The top-level parser `recognizeEnrichedDoc` needs to be defined in `ProxParser`, as well as all the parsers that are mentioned in the presentation sheet. If a node has a structural presentation, its parser is simply `pStructural`, but for a parsing presentation, a parser need to be specified. These parsers are similar to ordinary combinator parsers, except that they operate on the Proxima `Token` datatype, and that they must store the `IDP` of every token that is parsed.

As an example, consider a `UserToken` datatype that contains a token for keywords:

```data UserToken = KeyTk String | ...
```

The `pToken` combinator constructs a parser for `KeyTk` tokens.

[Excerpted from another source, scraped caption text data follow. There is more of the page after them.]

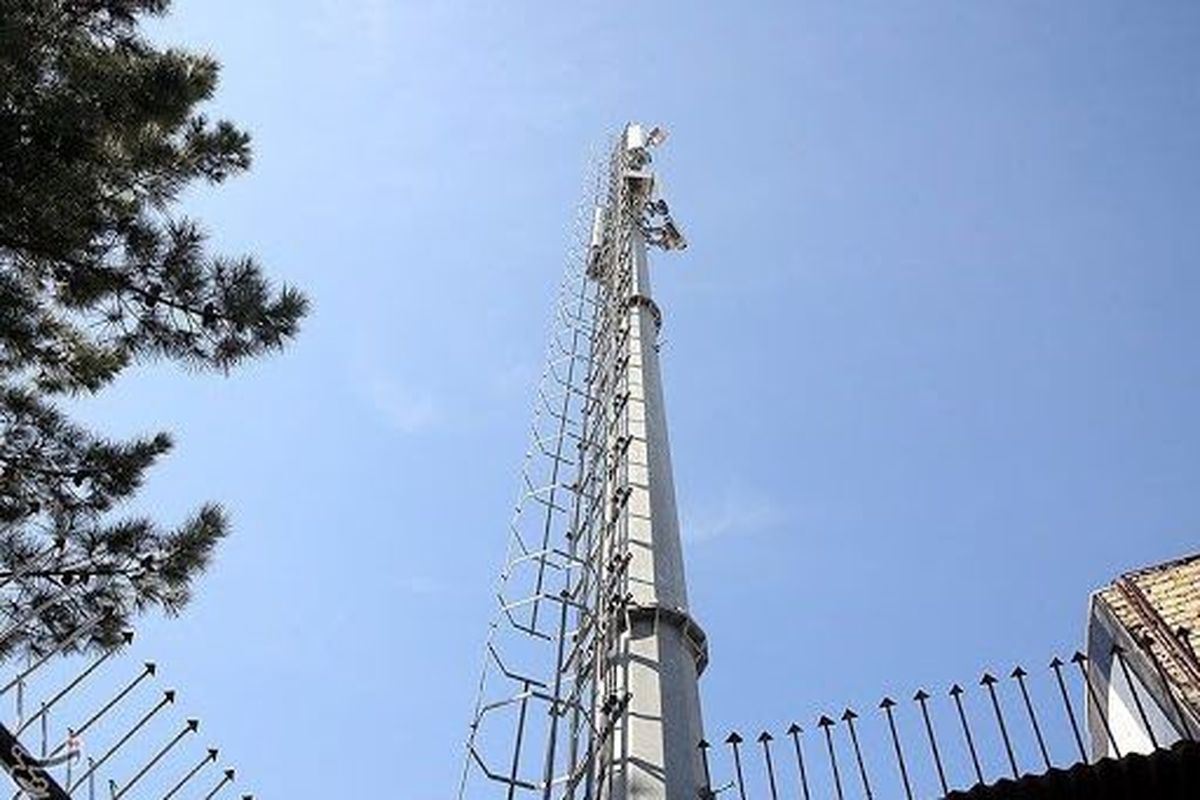 همراه-اول-512x320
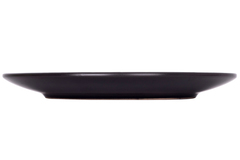 ������ ����� Kora 25�� JH5277S-1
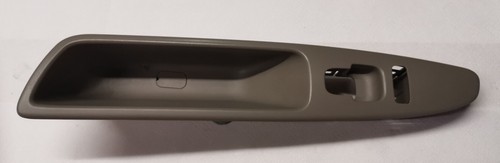 Volvo v40 türgriffschale - v40, i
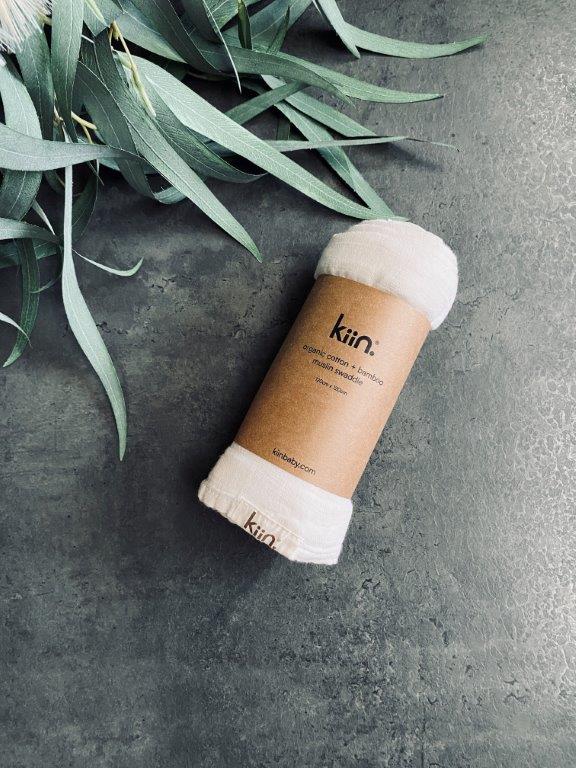 pago-kiin-organic_muslin_swaddle_ivory pago-kiin-organic_muslin_swaddle_ivory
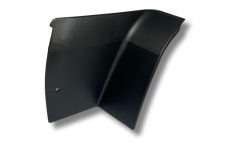 Накладка заднего фонаря (657945311)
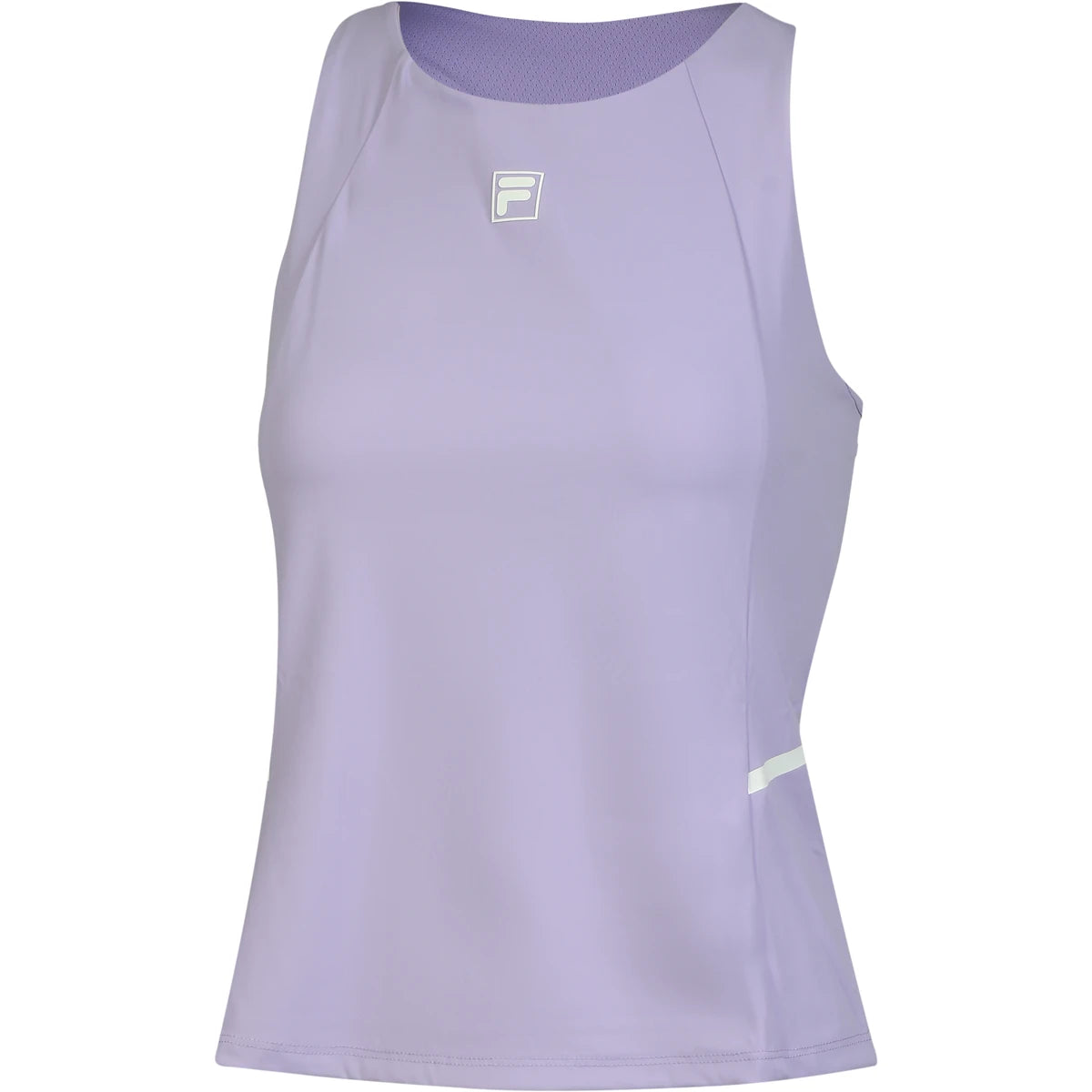 CAMISETA DE TIRANTES FILA MUJER LETTIE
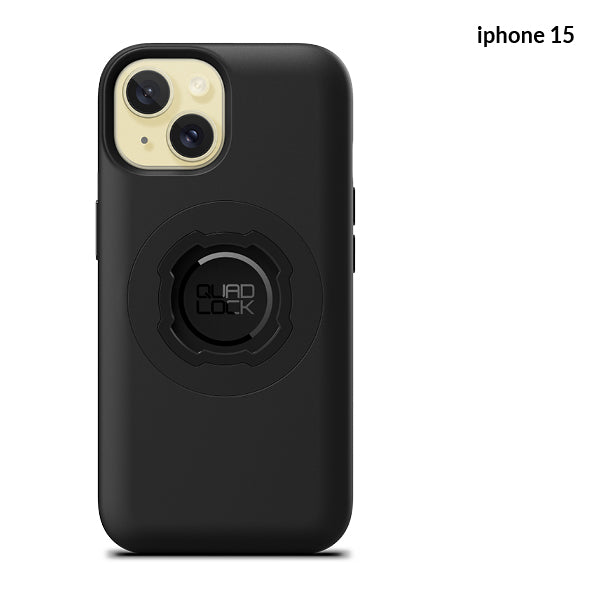 quad-lock_iphone-mag-cover_iphone-15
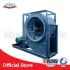 Centrifugal Fan CBS-500/3/4/3 ~item/2021/9/25/cbs 500 3 4 3 2w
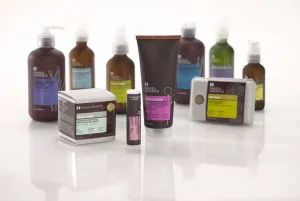 pangea-organics-lifestyle-image-skincare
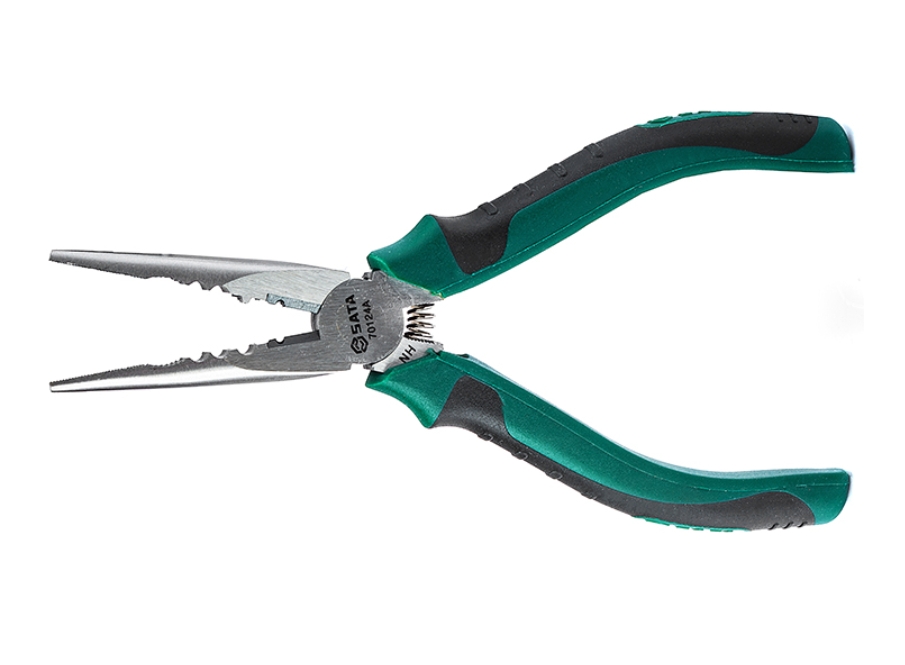 SATA世達(dá)美國(guó) 鉗類工具 70301A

```pKey str  = pToken (KeyTk str)
```

An example parser that parses an if expression may look as follows:

```parseIfExp = (\tk1 b tk2 t tk3 e -> IfExp (getTokenIDP tk1) (getTokenIDP tk2) (getTokenIDP tk3) b t  e
<\$> pKey "if" <*> parseExp <*> pKey "then <*> parseExp <*> pKey "else" <*> parseExp
```

The difference with an ordinary combinator parser is that the returned value gets the IDP's of the parsed tokens. The fields for the IDP's are specified in the declaration for the `IfExp` constructor in `\$instantiation/src/DocumentType.prx`:

```data Exp = IfExp exp1:Exp exp2:Exp exp3:Exp              { idP0:IDP idP1:IDP idP2:IDP }
| ...
```

A special mechanism is available to parse presentations that do not contain all the necessary information the construct the enriched document. For example, in a source editor, this occurs when parsing the right-hand side of a collapsed function definition. Such missing information (also called interpretation extra state) can be recovered by employing `reuse<TYPE>` functions, which are generated for each nonterminal in the enriched document type. The information is taken from the previous value of the enriched document. The reuse mechanism is explained in Sections 4.2 and 7.2.3 of the Proxima PhD thesis.